# JAVA unter Linux



## klein-odd (6. Juli 2009)

Hallo !
Ich möchte auf meinem SuSE Rechner java 6 installieren.
Es ist vom Prinzip her leicht verständlich und machbar,
wenn man java für Linux entpackt und in irgendein Verzeichnis plaziert
und die JDK Komponenten, wie java, javaw  oder auch javac
mit vollem Pfad aufruft, ggf die bash.bashrc Datei etwas modifiziert.

Schlimmer ist beim Installieren von Software, die verlangt, 
dass die Installierte Version vom System gekannt wird.
Ich meine, dass u.a. im Konsolenterminal der Aufruf :

java -version
oder 
javac -version die neu installierte version anzeigt.

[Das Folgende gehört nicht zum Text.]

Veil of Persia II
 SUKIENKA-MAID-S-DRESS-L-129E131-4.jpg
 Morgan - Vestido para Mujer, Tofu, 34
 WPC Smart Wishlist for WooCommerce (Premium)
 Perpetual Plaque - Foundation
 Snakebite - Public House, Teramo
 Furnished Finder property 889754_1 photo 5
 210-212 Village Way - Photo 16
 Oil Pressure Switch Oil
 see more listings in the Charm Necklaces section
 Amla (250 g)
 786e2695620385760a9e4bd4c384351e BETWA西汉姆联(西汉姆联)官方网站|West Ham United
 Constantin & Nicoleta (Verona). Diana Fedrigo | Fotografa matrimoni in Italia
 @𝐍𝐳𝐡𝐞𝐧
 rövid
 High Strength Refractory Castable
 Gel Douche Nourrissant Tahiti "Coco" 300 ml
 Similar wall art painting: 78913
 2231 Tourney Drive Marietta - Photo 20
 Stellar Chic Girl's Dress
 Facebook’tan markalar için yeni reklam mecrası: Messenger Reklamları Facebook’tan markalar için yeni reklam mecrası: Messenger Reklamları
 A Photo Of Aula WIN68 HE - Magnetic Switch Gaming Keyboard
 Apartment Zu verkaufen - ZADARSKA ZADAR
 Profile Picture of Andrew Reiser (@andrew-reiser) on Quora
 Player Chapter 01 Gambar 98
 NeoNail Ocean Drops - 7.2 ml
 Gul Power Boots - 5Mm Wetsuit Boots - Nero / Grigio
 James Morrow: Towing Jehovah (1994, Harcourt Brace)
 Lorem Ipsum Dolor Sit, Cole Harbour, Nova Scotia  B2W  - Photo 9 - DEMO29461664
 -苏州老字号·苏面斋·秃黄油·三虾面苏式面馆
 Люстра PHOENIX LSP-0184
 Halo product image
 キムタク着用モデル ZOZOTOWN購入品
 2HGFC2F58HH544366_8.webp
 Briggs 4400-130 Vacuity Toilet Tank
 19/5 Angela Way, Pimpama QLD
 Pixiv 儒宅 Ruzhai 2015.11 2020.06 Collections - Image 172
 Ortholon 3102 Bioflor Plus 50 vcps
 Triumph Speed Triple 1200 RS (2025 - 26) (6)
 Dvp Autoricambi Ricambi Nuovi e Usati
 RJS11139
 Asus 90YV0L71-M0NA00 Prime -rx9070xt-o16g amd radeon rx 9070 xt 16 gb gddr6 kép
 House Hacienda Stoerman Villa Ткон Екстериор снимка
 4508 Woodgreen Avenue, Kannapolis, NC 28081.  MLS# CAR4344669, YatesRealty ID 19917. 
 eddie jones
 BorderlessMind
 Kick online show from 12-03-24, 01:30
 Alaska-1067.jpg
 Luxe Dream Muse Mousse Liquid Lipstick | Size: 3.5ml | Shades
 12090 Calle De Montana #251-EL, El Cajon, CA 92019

Meine Analysen ergaben, dass die Einträge im Ordner /usr/bin
aufgerufen werden.
Es sind aber keine Dateien, nur Verknüpfungen, die sich verschieden überlagern so,
dass man am Ende der Sucherei im Verzeichnis /etc/alternatives landet
und dort die "binäries" von java findet. Die java_JDK-typischen Ordner (wie bin, lib und jre) gibt es an vielen Orten,
mal in einem ordner mit java im Namen, mal java-sun, mal jvm und s.n.w.(sonst-noch-was)

Meine Fragen :
wie kann ich mir das ganze einstellen, dass das System nur noch die neue Version von java findet und warum spielt die Konfigurationsdatei von java (java.conf)
anscheinend keine rolle ? Ich kann dort beliebige Dinge schreiben und das System mbemerkt offensichtlich gar nichts.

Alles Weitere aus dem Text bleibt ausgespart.